The four Partnership facilities are:

North Carolina Estuarium –Washington,NC

Columbia Theater Cultural Resources Center-Columbia,NC

Roanoke/Cashie River Center-Windsor,NC

Tyrrell County Visitor’s Center(includes Main Office)-Columbia,NC

Related facilities the Partnership has worked with include the Mattamuskeet Lodge and the Octagon House in Hyde County and the Walter B. Jones Sr. Center for the Sounds in Columbia.

Prior to the formation of the Partnership these communities lacked sites specifically dedicated to fostering tourism and thus were unable to generate significant economic benefit from it.

“In the early 1990s local and regional leaders recognized that the Albemarle-Pamlico’s most valuable assets are its natural and cultural heritages, and so worked together to develop a network of facilities would help promote the entire peninsula as a destination for eco and heritage tourism,” said Partnership for the Sounds Executive Director Jackie Peoples Woolard in a March 3 letter and funding report attached to the budget request.

Woolard noted that the building of the tourism facilities marked a unique moment of collaboration between local governments competing for the same resources.

“The network was nurtured by state leaders who saw inherent wisdom in the willingness of small communities to support themselves by supporting their neighbors,” Woolard said.

Woolard noted that since the Partnership’s inception, over $659,000 has been spent [including payroll] for Theater operations directly in Tyrrell County, plus significant additional expenditures with local business for capital projects.

The Partnership funding from the State of North Carolina was cut by 24.34 percent since 2009, and totally eliminated as of July 1,2013.

These reductions have had great impact on salaries, benefits, hours of facility operations, travel, and technology upgrades and repairs.

“We have cut staff hours, eliminated some part-time positions, repositioned work locations of staff, and imposed mandatory furloughs without pay. Our primary focus has been to absorb these cuts in areas having the least effect on our programs, facilities, community outreach, and visitor experience.
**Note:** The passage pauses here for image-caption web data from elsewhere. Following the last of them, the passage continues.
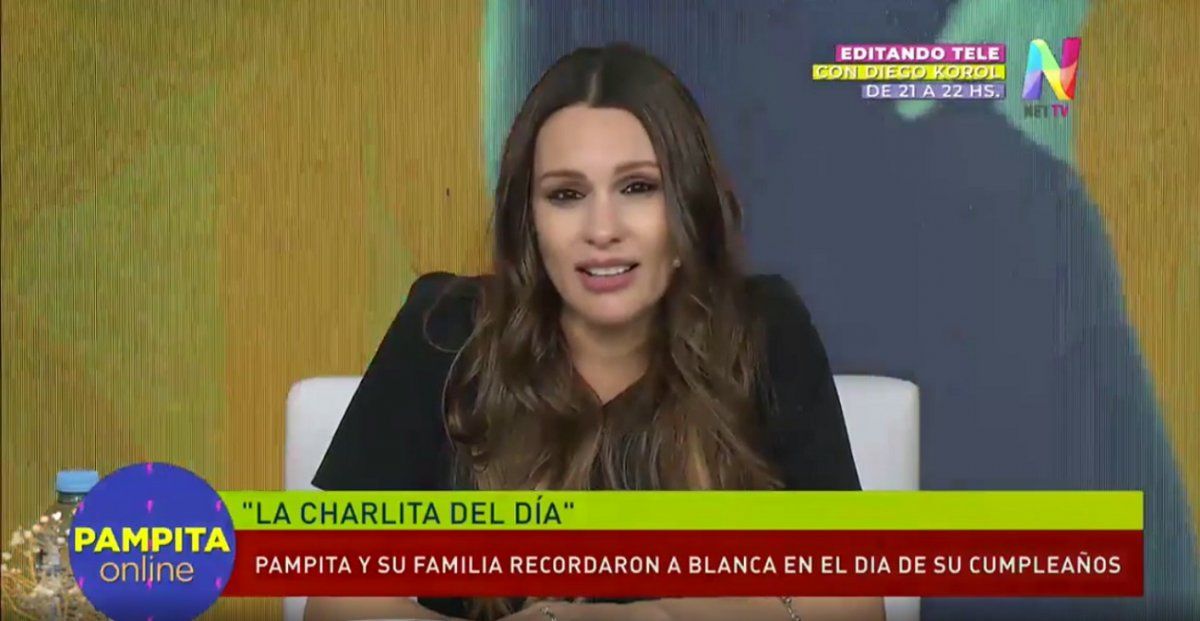 Pampita se refirió al encuentro con La China Suárez en el homenaje a Blanca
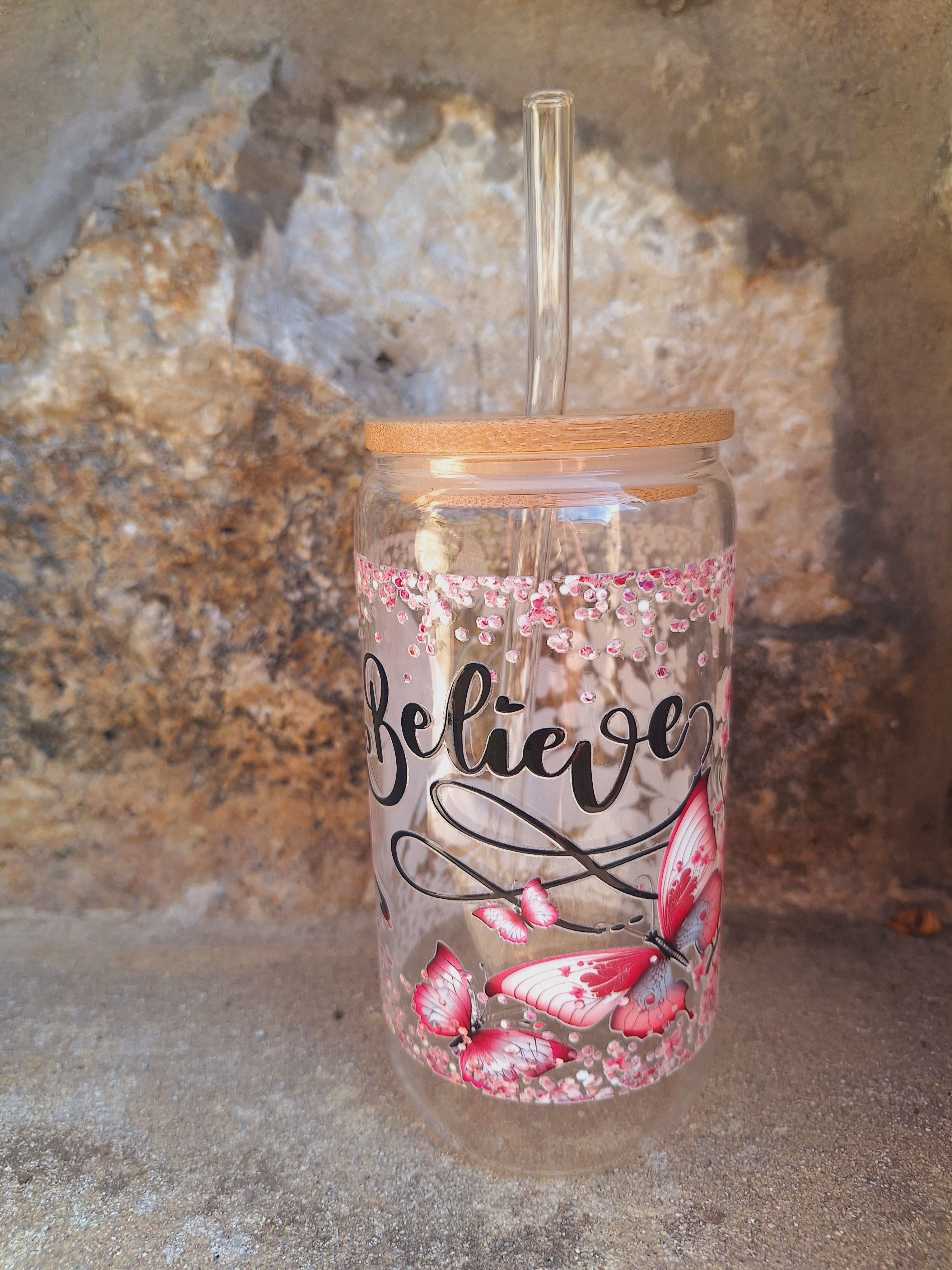 Trinkglas „Believe“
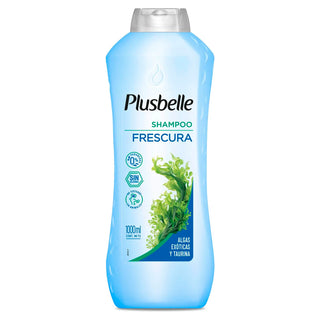 Shampoo Plusbelle Frescura y Vitalidad 1000 ml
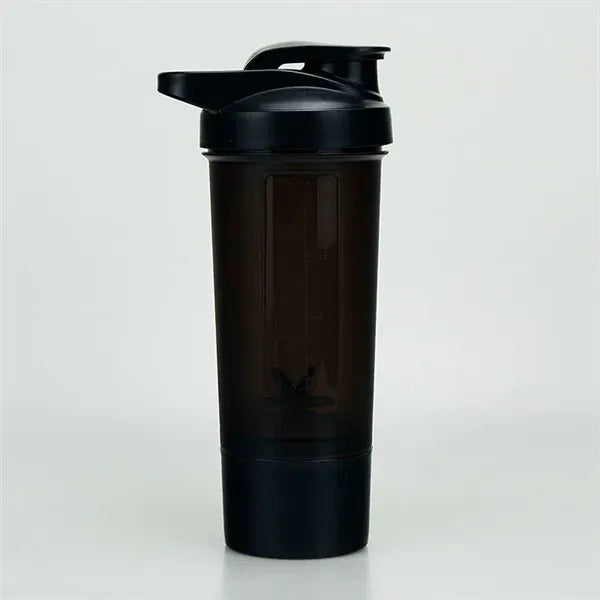 20oz Shaker Bottle with 1 attachable storage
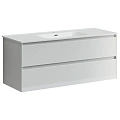 Тумба под раковину Sancos Cento CN120-1W белый глянец Тумба под раковину Sancos Cento CN120-1W белый глянец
We have not diluted implementation of our mission,” said Woolard in the budgetary impact section of the report.

As of June 30, 2014, virtually all of the Partnership’s reserve funds will have been used to keep the doors of its various facilities open this year.

The Partnership has reduced its budget every year since 2008.

“And this year it reached a point where we had to cut key staff positions, cancel benefits for remaining staff, slice operating costs to the bone, and underfund several areas of facility upkeep,” said Woolard.

Woolard said she believes an operating budget of approximately $42,000 for the Columbia Theater would enable the Partnership to stabilize staffing and help begin upgrading programming again.

From its opening in 1998 through June 2013, the operation of the Columbia Theater Cultural Resources Center was supported by an appropriation from the State of North Carolina to the Partnership for the Sounds.

“That funding was completely eliminated by the General Assembly this fiscal year, however, forcing us to use essentially our entire fund balance to maintain operations at PFS facilities through June 2014,” said Woolard.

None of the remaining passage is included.